I doubt very much he intended it to be representative of a brainless game of laser-tag. Superficially Captain Kirk traveled to "strange new worlds" made of styrofoam and had sex with green women but subcutaneously the series was a kind of fictional vanguard for the pursuit of knowledge and for human exploration. Superficially, Interstellar (especially with all the awesome power of IMAX™) lets us wonder at the silent majesty of space yawning terribly around the fragile Endurance; we breathlessly watch it tumble insignificantly past Saturn's rings, fold through space into a wormhole and feel the physical stresses run through the ship's frame and instruments, gaze upon the blinding event horizon of a massive black hole, feel its tidal power move waves the size of mountains across the surface of a planet caught haplessly in its orbit, and break frozen clouds into a glittering riot across the upper atmospheres of some alien, semi-gaseous world galaxies away. 



The hard physics of this are irrelevant in face of the theme - if I can hand-on-heart talk about the conveyance of realism in Donkey Kong Country, then I can attest that Christopher Nolan achieves similar conveyance through Interstellar's depiction of space-travel. Now that the movie is also an emotional roller-coaster - to hook an audience on the layman's terms - and viscerally dramatizes temporal relativity and the traumatic effects on a small American family adds profundity to the overall experience. MacConnaughey watches helplessly as his children grow old and suffer emotionally through distant radio transmissions, stuck in dilated time, The concept of a loved one ultimately beyond your reach and that love exists beyond purely physical dimensions gnawed at my heart - but how couldn't it? We are all human and suffer the same. 

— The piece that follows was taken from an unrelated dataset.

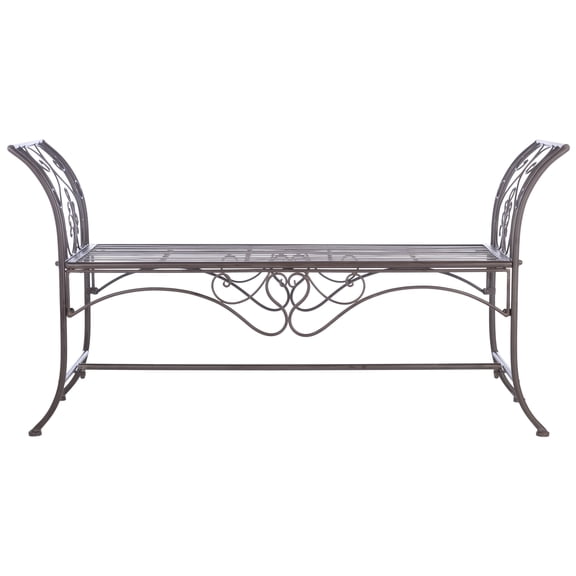 SAFAVIEH Adina Outdoor Patio Wrought Iron Garden Bench, Rustic Brown
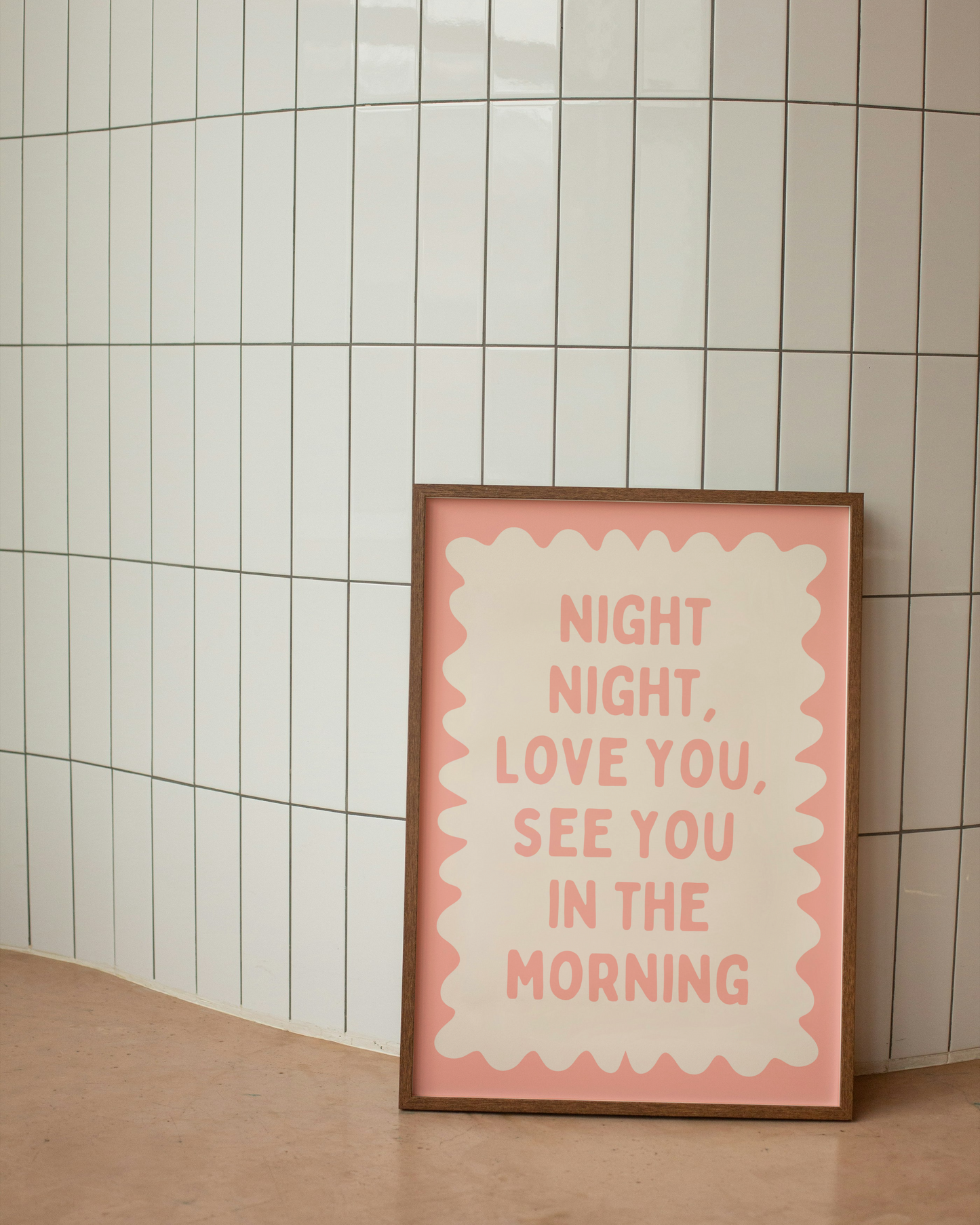 Night Night, Love You | Peach and Cream | Wall Art Print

I am a very tonelessly unreligious man. To me, religion seems like a sort of betrayal - to believe in purely fantastical concepts for the sake of comfort and community baffle me because I guess I am a humanist. I acknowledge fundamental scientific reasoning and that unanswered questions will be answered not by some higher power but by our own ingenuity and achievement. If that is faith, then I willingly choose that faith. MacConnaughey's character plummets into Gargantua and finds himself unstuck in a tesseract of space-time desperately attempting to caress his daughter's face decades into the past and correct his mistakes. The revelation that this five-dimensional room is the construct not of some alien power, but of a future human civilization evolved beyond our contemporary comprehension raises the hair on my arms. Why believe in anything if not us

To know that there is a finite amount of matter in all the universe and that it cannot vanish - only change states - and to dream about somehow reaching beyond space and time to even faintly hold my youngest brother in my arms again; or that whatever made up Tommy beyond his physical vessel must exist in one form or another - could somehow try and reach through that barrier - is religion enough for me. 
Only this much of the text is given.